My Bike History

I first rode a little 50cc scrambler bike at a County Show aged about 7 years, and the seed was sown, but what got me really hooked was attending the 1984 British Motorcycle Grand Prix at Silverstone. Watching the likes of Barry Sheene, "Rocket" Ron Haslam, Randy Mamola and Eddie Lawson hurtle round the track at insane speeds, just a man, an engine and two wheels, was nothing short of spellbinding. From that point on, I was going to ride bikes.

Fast forward to 1989, and I was old enough to legally ride a bike (under 50cc) on the road. I don't think anyone's parents ever WANT their kids to get a bike, but at the time I was reliant on my father for lifts to and from school, some 8 miles from home, and his working hours meant I spent a lot of time there outside of normal hours. So, I suggested that I might need to get my own transport, otherwise I was at risk of failing my exams, and remarkably that seemed to do the trick ! 2 days before my 16th birthday a 1981 Honda MB5 was delivered to my home. It wasn't new or particularly shiny, but it blew away any previous birthday or Christmas presents I had ever had.

Honda MB5

The Honda MB5 had a 49cc two-stroke single-cylinder engine developing a mighty 2.52bhp (2.55 PS), and was sold in the UK between 1979 and 1981. Believe it or not, there is still the odd enthusiast (and example) of this bike around today !

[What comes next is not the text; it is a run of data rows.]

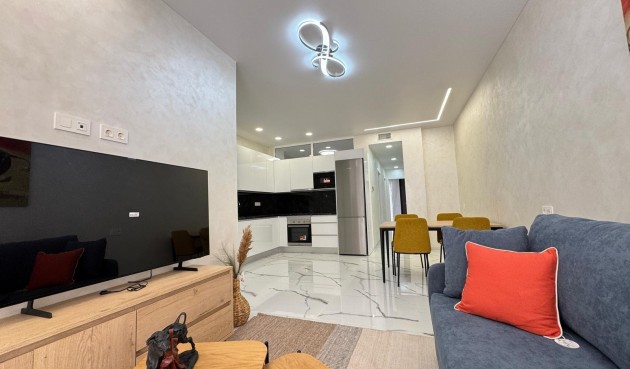 Brukt - Apartment -
Torrevieja - Estacion De Autobuses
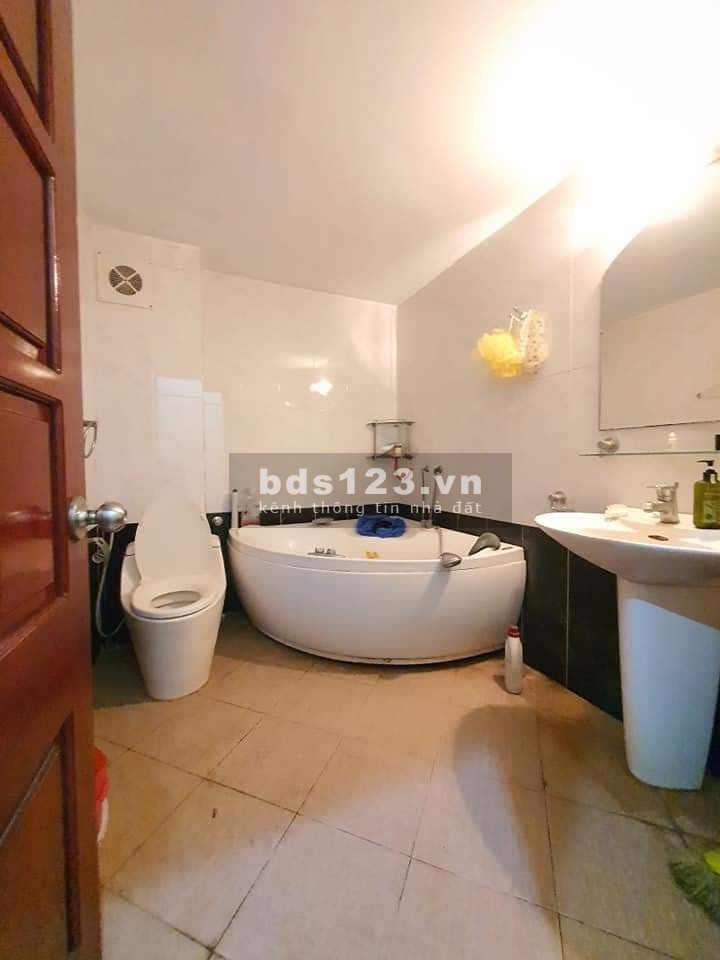 Cần Bán Nhà Nguyễn Trãi 45m2 giá 4.5 tỷ 50m mặt phố nhà đẹp, tự xây liên hệ 0879356959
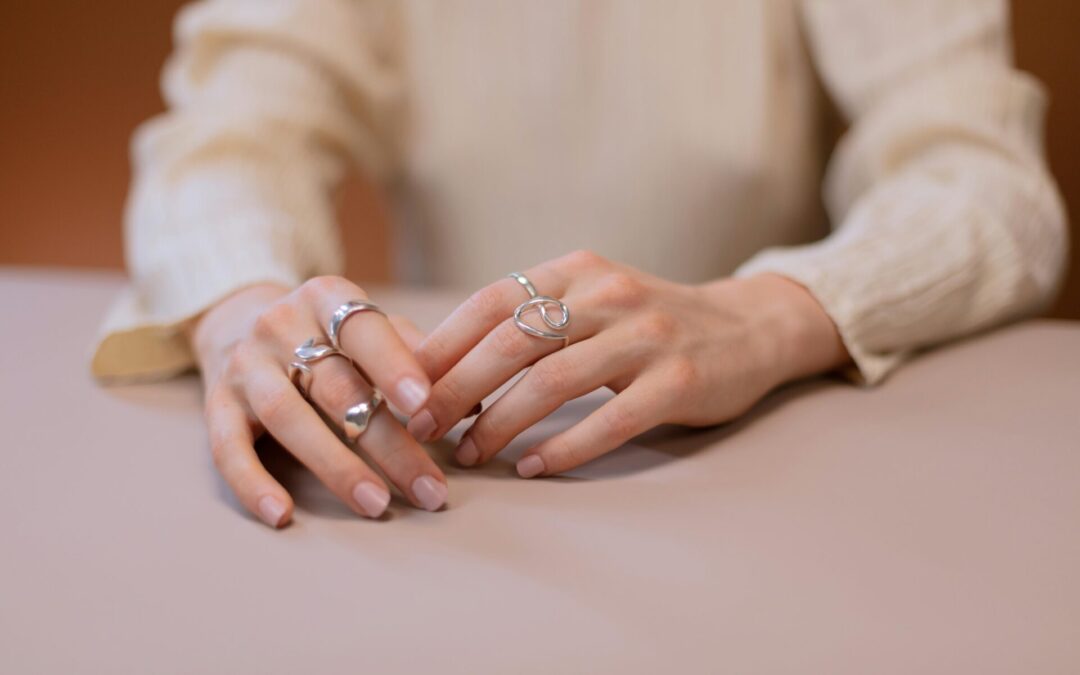 Pourquoi mon bijoux s&rsquo;oxyde, devient vert ou noir ?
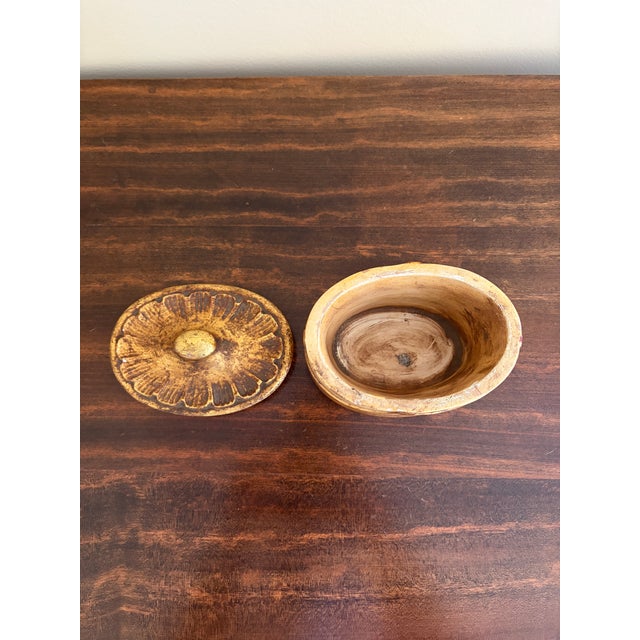 Hollywood Regency Italian Giltwood Lidded Box For Sale - Image 12 of 13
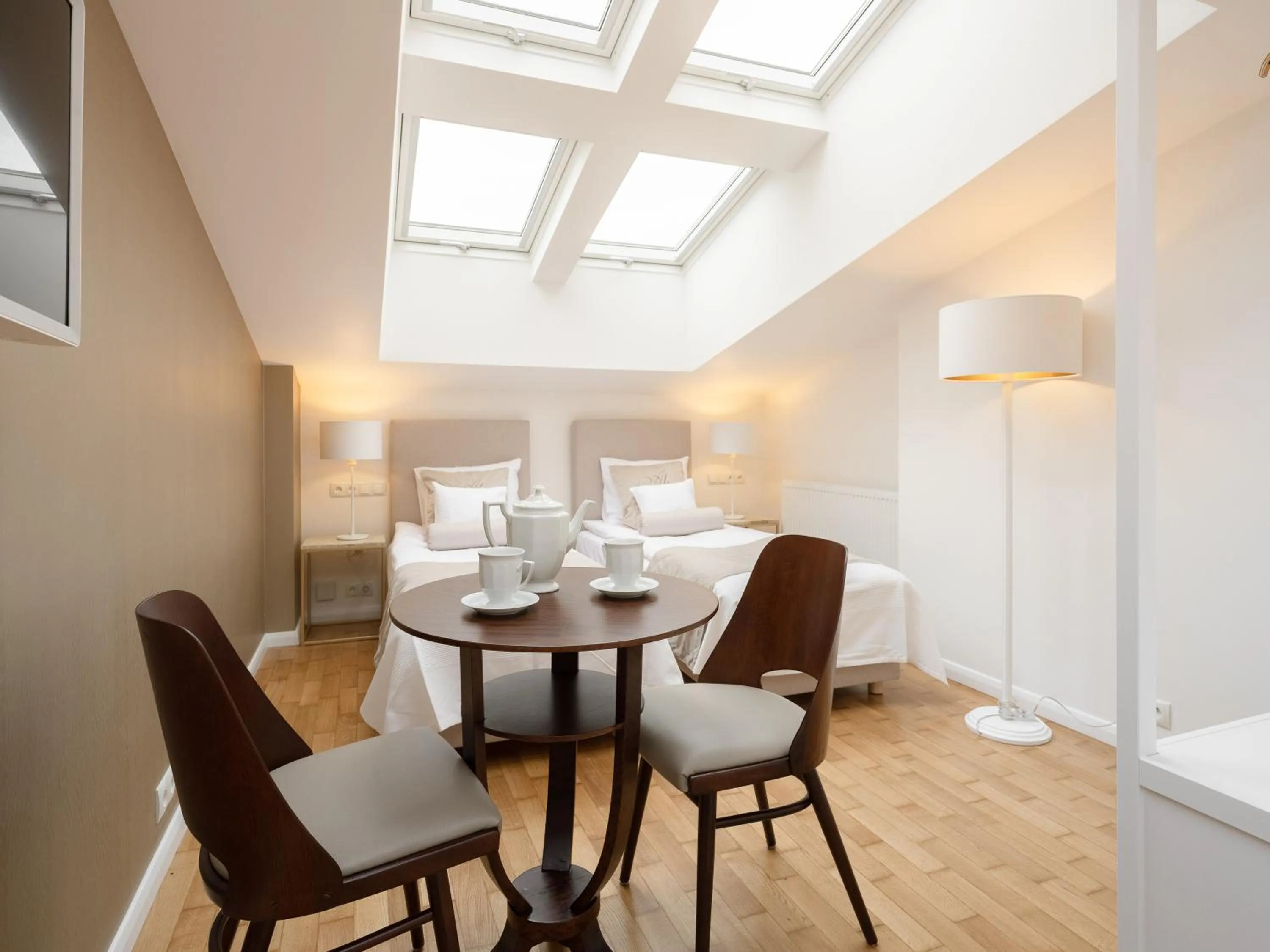 Photo of the whole room in AVANTI Home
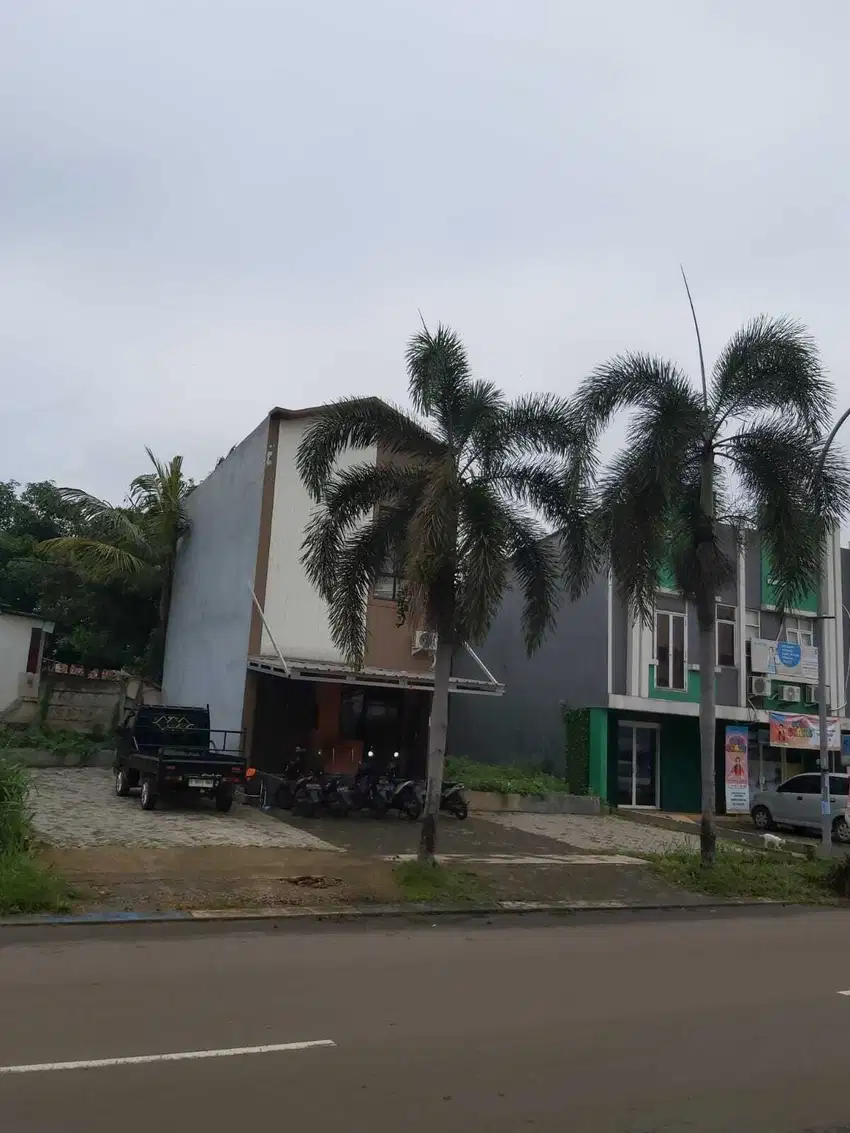 Ruko lokasi Boulevard Parkiran Luas Serpong Park Serpong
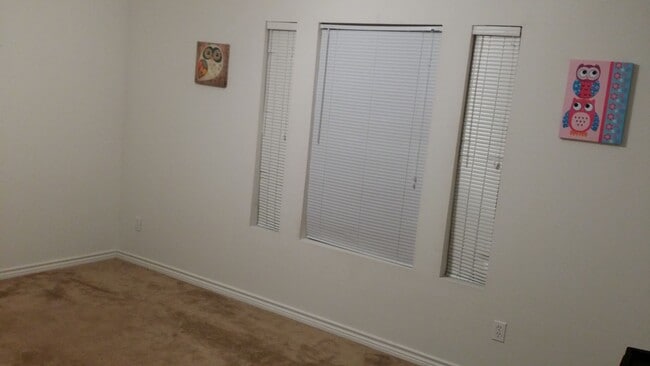 Building Photo - THREE BEDROOMS, THREE BATHS, PRIVACY FENCED BACK YARD, PET FRIENDLY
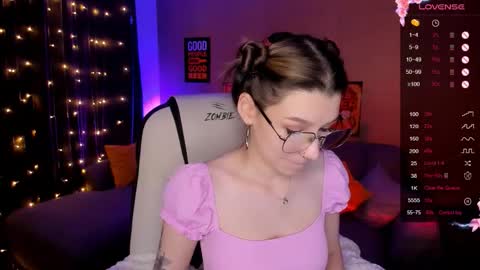 Lina online show from 10/07/25, 02:42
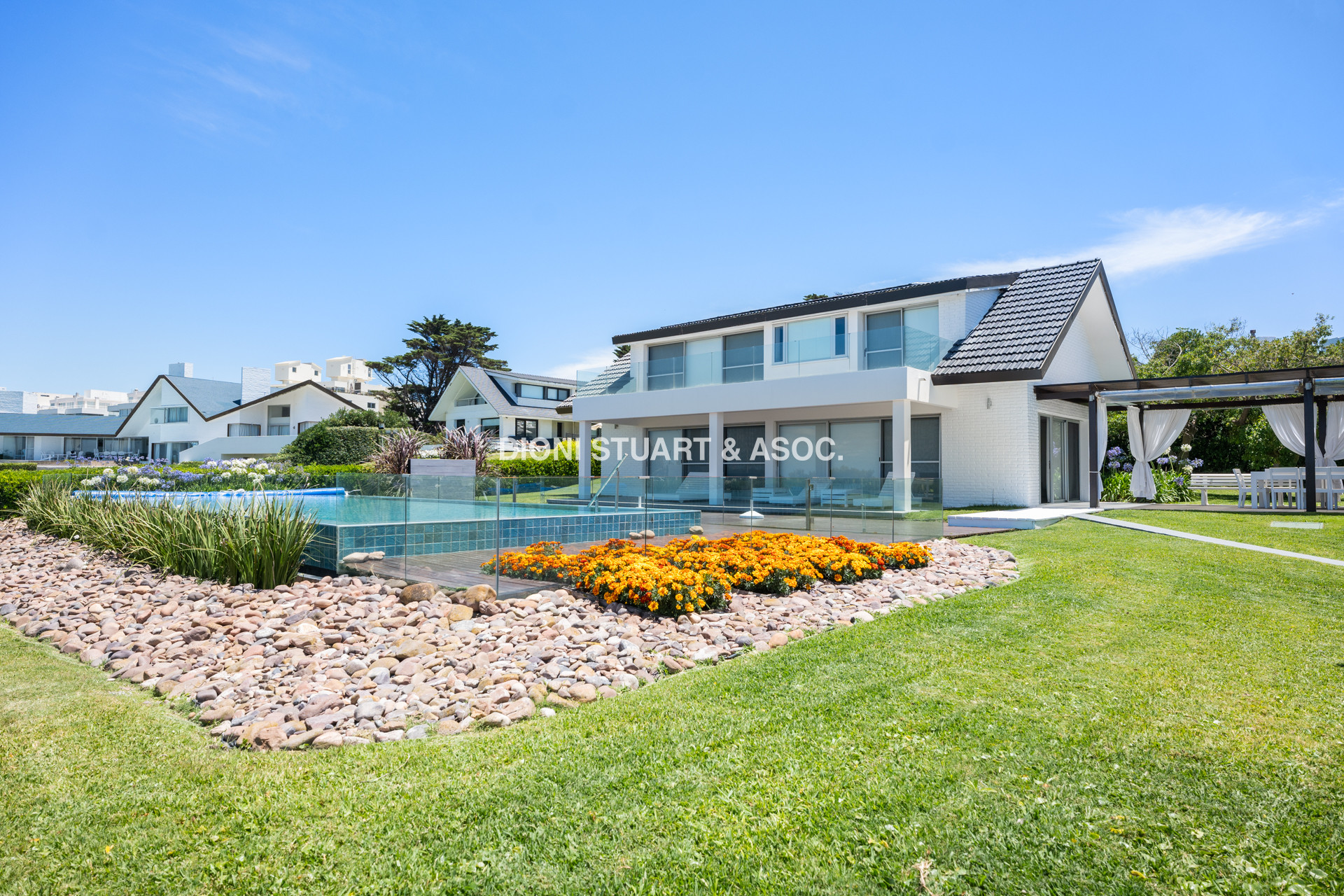 CASA EN VENTA PRIMERA LINEA PLAYA BRAVA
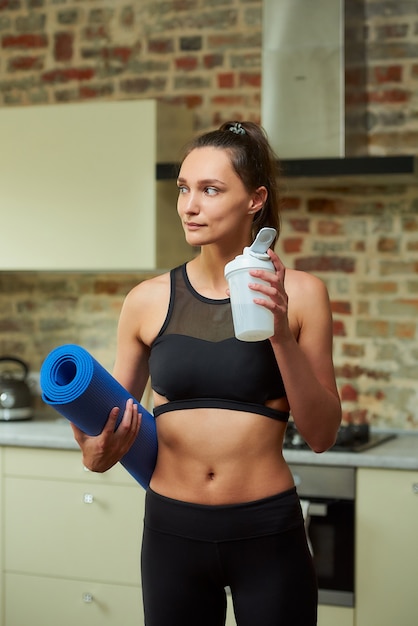 Vrouw in een zwarte training strakke top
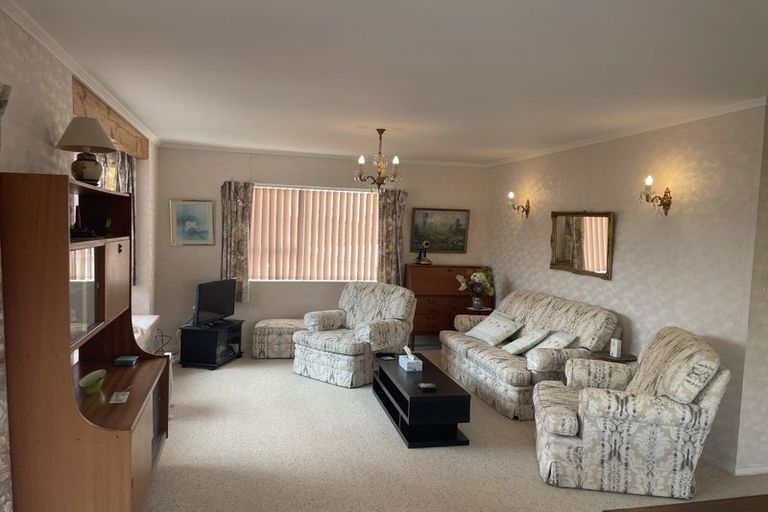 Photo of property in 33d Kirby Street, Glendene, Auckland, 0602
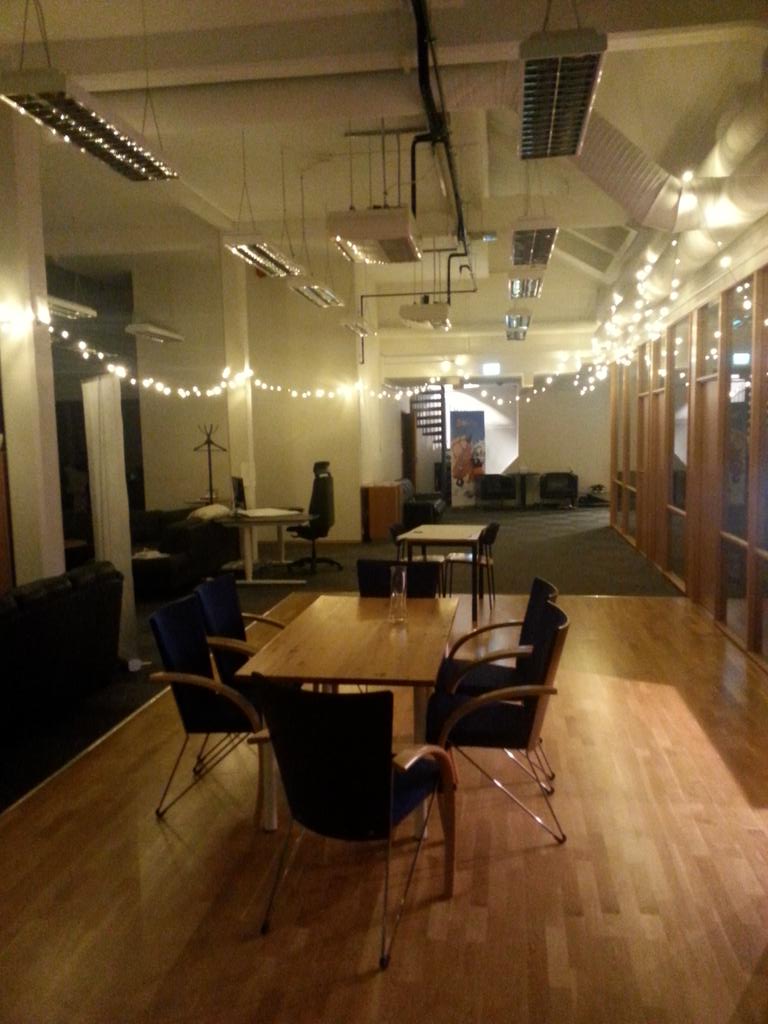 oleivarrudi's tweet photo. Long day at the office. Bergen game collective by night! https://t.co/0nsL2HnC54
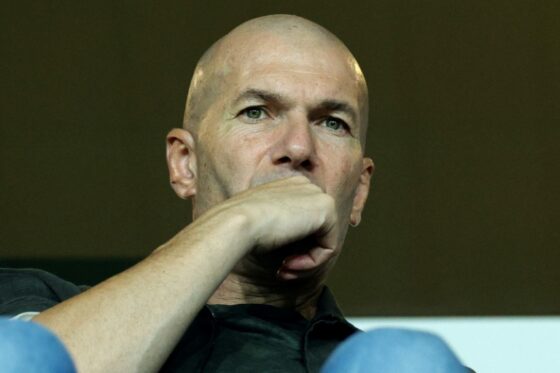 Zinédine Zidane lors d'un événement sportif, concentré sur son rôle de sélectionneur de l'équipe de France.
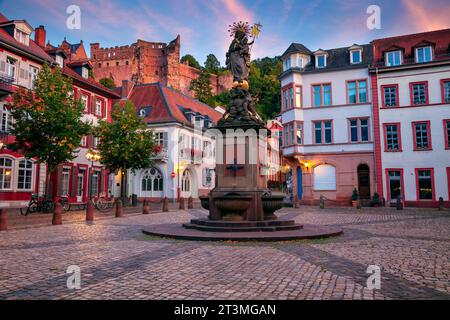 Heidelberg, Deutschland. Stadtbild der historischen Innenstadt von Heidelberg, Deutschland bei schönem Herbstuntergang. Stockfoto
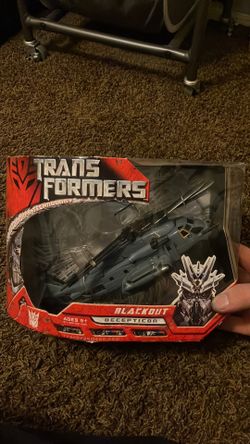Transformers Blackout Voyager Class LIKE NEW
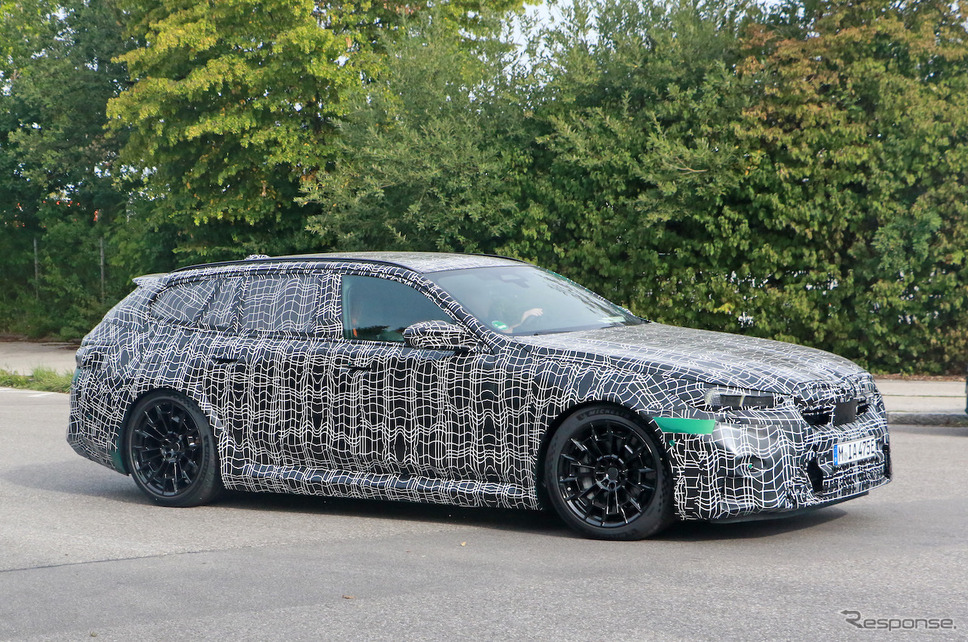 BMW M5 ツーリング プロトタイプ(スクープ写真)《APOLLO NEWS SERVICE》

There was a steep hill between my home and school, and even taking a run-up at top speed, due to the lack of power by the time I reached the top I would be crawling along at about 10mph. Undeterred, I rode this bike to and from school for the next year, before discovering the great universal truth that if you ride bikes, sometimes you are going to get knocked off. Not my fault, the guy in the car wasn't paying attention and thought the mini-roundabout that I was traversing was just a right-hand bend in the road. So, over his bonnet I went, in what felt like slow motion, thinking as I was flying through the air that I had probably better try to land properly otherwise I might break my neck. Luckily I had done some Judo training so I did my best Zenpo Kaiten (forward roll), which saved my neck, but as it's designed to be done on a padded mat rather than a concrete and tarmac road, I broke my ankle as it flicked over and hit the ground. So, pain, and crutches for about the next 8 weeks, but also - compensation ! Which was paid directly to me, so this time I just went out and bought another bike without asking my parents.

The new bike was a 1987 Yamaha TZR-125, which I retro-fitted with the optional fairing and, once I had passed my bike test, had de-restricted, which took it from 12bhp to 20bhp. It looked pretty awesome for those days, and had a wicked power band which kicked in at 7000rpm. You could buy a power valve kit which would have increased maximum power and made the delivery a lot smoother, but I never got round to doing that. I took a couple of my mates out on the bike quite often (only one at a time obviously) and they became very familiar with that powerband. I clearly remember them nervously tightening their grip around my waist as the engine note rose towards the critical 7000rpm mark at which the acceleration would suddenly increase. With just me on it, and with a following wind, on a private runway of course (ahem !) I managed to touch 100mph on that bike.

Yamaha TZR125

The original Yamaha TZR125 had a 124cc two-stroke single-cylinder liquid-cooled engine which developed 20bhp (20.3PS) once de-restricted. Later models came from the factory with YPVS (Yamaha Power Valve System) which increased maximum power to 26bhp (26.4PS).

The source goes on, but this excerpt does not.